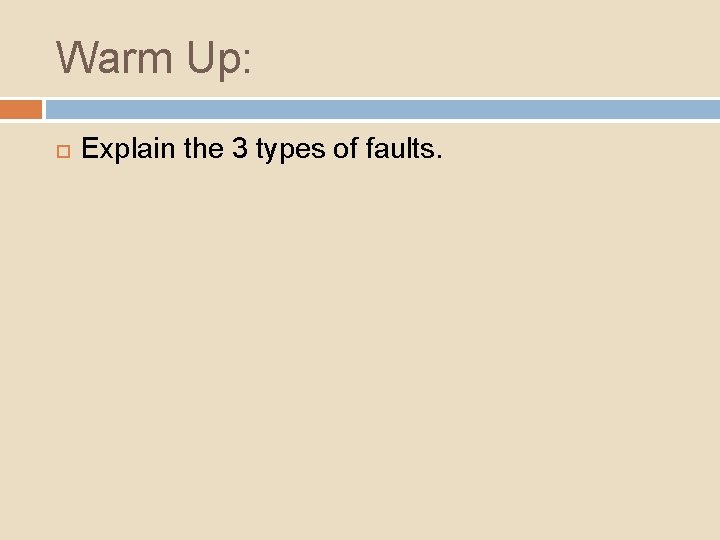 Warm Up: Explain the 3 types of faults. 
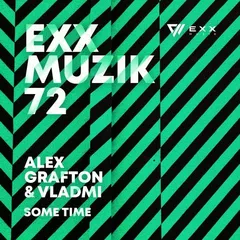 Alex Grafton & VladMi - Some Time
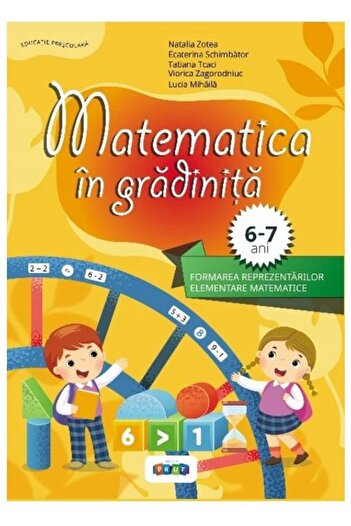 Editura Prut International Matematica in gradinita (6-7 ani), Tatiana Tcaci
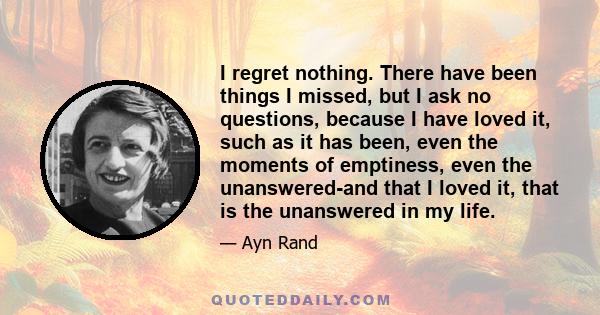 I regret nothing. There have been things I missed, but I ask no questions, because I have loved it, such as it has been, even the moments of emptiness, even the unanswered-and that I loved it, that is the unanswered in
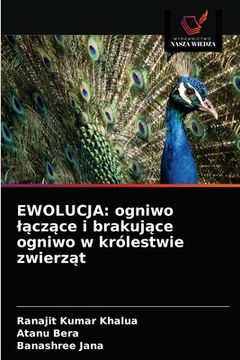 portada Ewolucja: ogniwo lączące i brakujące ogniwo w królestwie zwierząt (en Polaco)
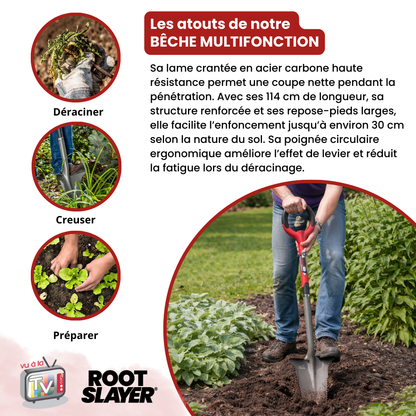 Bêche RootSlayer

◇ ◇ ◇ ◇ ◇ ◇ ◇

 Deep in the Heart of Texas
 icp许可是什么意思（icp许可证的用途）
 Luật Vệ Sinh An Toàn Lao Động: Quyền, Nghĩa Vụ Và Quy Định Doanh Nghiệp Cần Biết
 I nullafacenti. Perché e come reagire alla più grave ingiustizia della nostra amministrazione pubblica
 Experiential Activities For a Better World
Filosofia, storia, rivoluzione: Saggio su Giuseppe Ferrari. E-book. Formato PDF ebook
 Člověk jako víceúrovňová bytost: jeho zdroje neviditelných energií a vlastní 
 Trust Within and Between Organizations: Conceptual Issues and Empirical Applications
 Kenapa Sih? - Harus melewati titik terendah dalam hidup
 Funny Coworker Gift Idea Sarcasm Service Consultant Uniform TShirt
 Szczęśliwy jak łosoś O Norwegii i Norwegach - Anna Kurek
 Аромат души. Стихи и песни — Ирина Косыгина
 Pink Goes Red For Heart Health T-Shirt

◇ ◇ ◇ ◇ ◇ ◇ ◇

▶ _TASK DESCRIPTION_: In the material above, which lines fall between the one holding "Editura Prut International" and the one holding "Bêche RootSlayer", inclusive? Print exactly those, with the pictures left out.

▶ _ANSWER FOR THE TASK_:
 Editura Prut International Matematica in gradinita (6-7 ani), Tatiana Tcaci
 I regret nothing. There have been things I missed, but I ask no questions, because I have loved it, such as it has been, even the moments of emptiness, even the unanswered-and that I loved it, that is the unanswered in
 portada Ewolucja: ogniwo lączące i brakujące ogniwo w królestwie zwierząt (en Polaco)
 Bêche RootSlayer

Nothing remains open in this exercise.